Instructions to follow. Exactly as they appear, write the lines from the one containing "Натиснете снимката за да я уголемите" to the final line of the entries, leaving pictures out.

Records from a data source

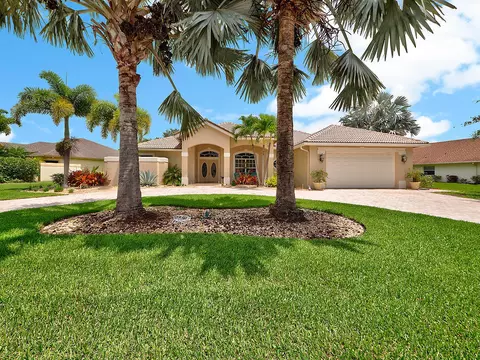 2193 SW Mainsail Ter, Stuart, FL 34997 photo 1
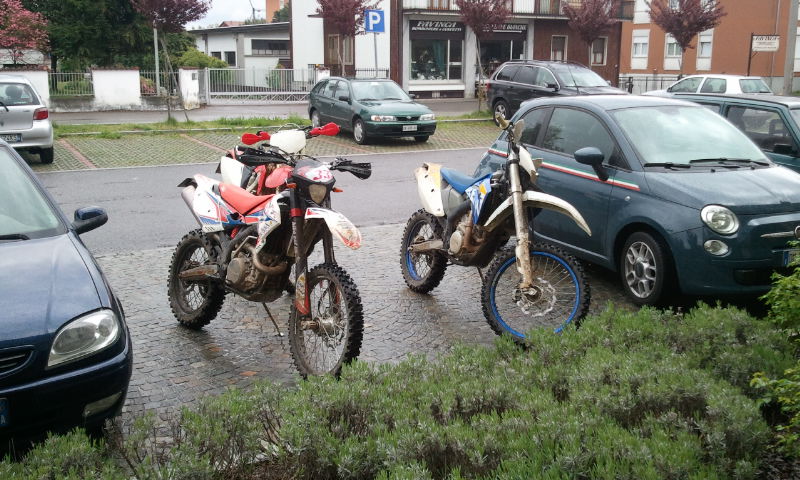 Натиснете снимката за да я уголемите

Име:637991.jpg
Прегледи:1
Размер:123.9 КБ
ID:5367501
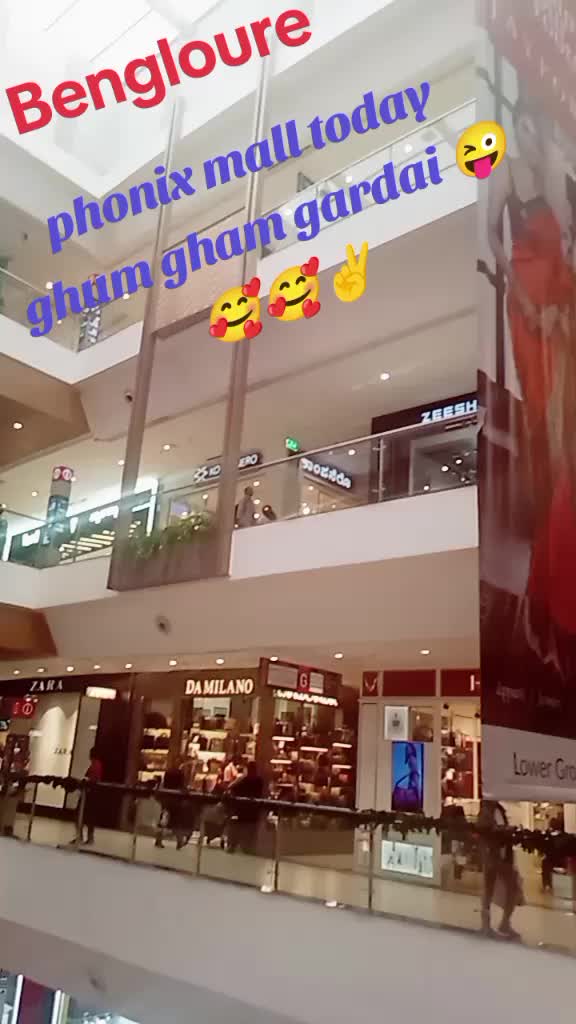 @shreeramchaudha69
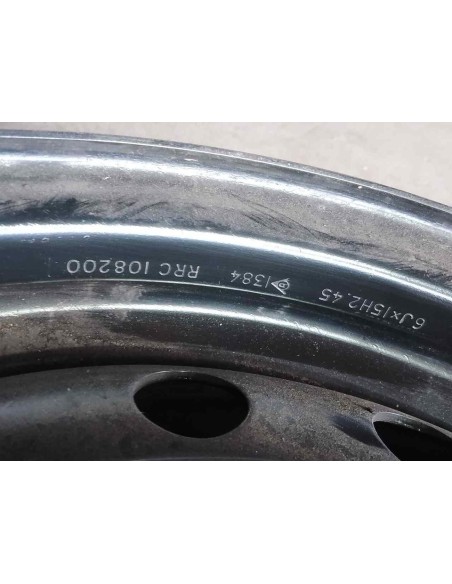 LLANTA MG ROVER ROVER 45 (RT) - 197618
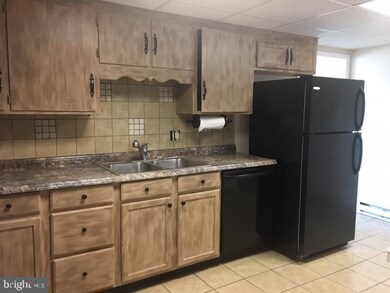 3588 Gregway Dr, Chambersburg, PA 17202 - photo 7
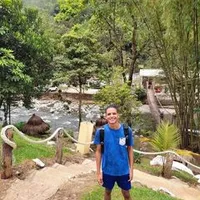 original sound - angellrl08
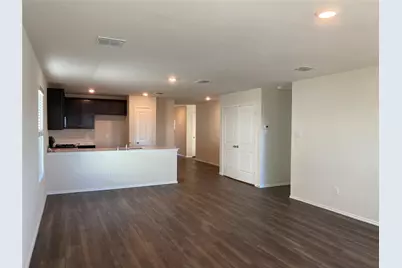 4408 Culrin Way, Forney, TX 75126 - Photo 1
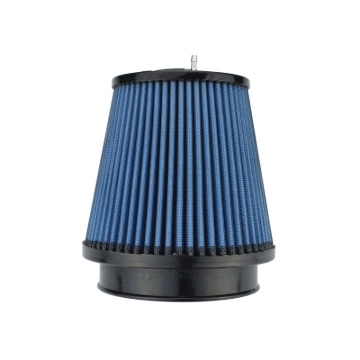 Picture of Injen INJ Dry Air Filter - X-1082-BB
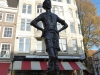amsterdam-222-city-tour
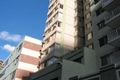 Property photo of 21/13 Waine Street Surry Hills NSW 2010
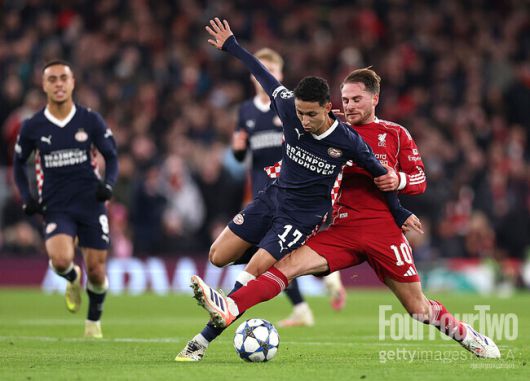 사진=게티이미지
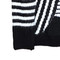 Image 3 Image 3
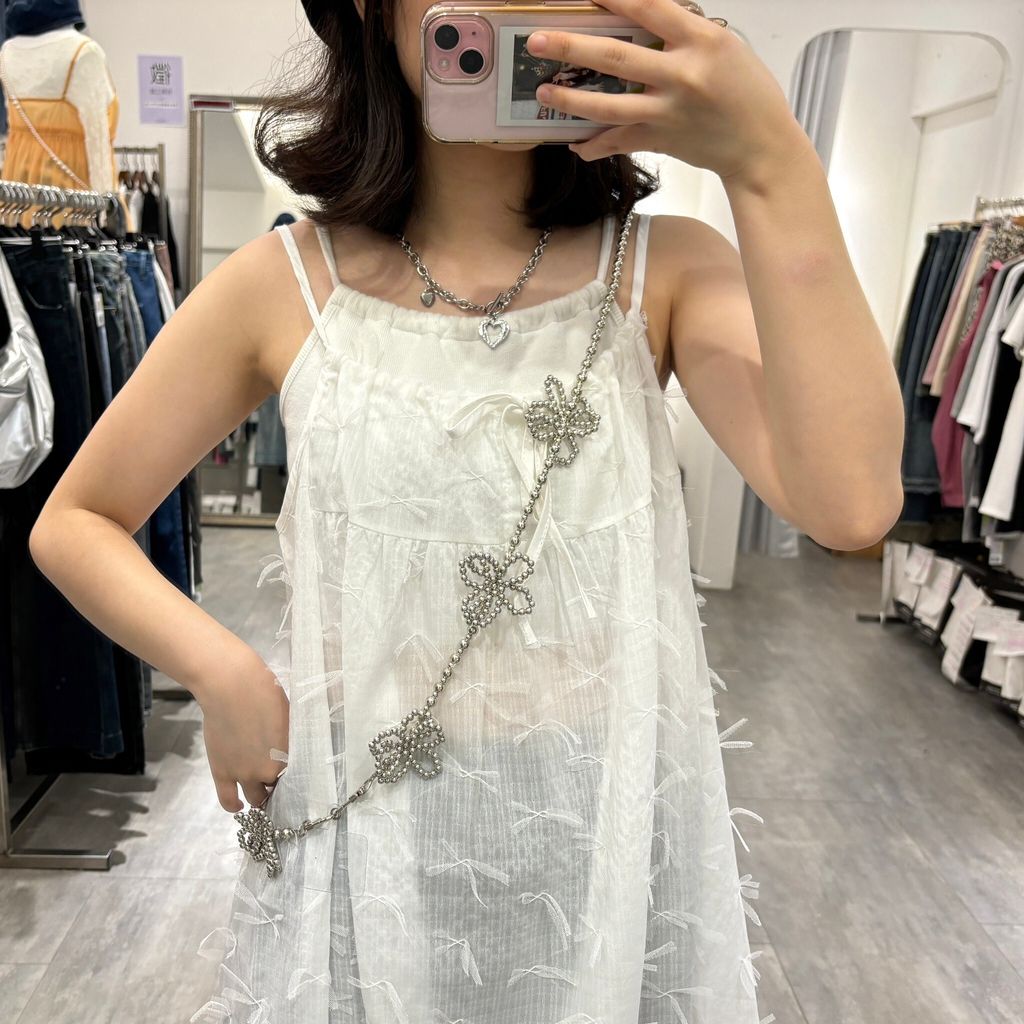 LINE_ALBUM_5-2_240529_82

Output of the task.
 Натиснете снимката за да я уголемите

Име:637991.jpg
Прегледи:1
Размер:123.9 КБ
ID:5367501
 @shreeramchaudha69
 LLANTA MG ROVER ROVER 45 (RT) - 197618
 3588 Gregway Dr, Chambersburg, PA 17202 - photo 7
 original sound - angellrl08
 4408 Culrin Way, Forney, TX 75126 - Photo 1
 Picture of Injen INJ Dry Air Filter - X-1082-BB
amsterdam-222-city-tour
 Property photo of 21/13 Waine Street Surry Hills NSW 2010
 사진=게티이미지
 Image 3 Image 3
 LINE_ALBUM_5-2_240529_82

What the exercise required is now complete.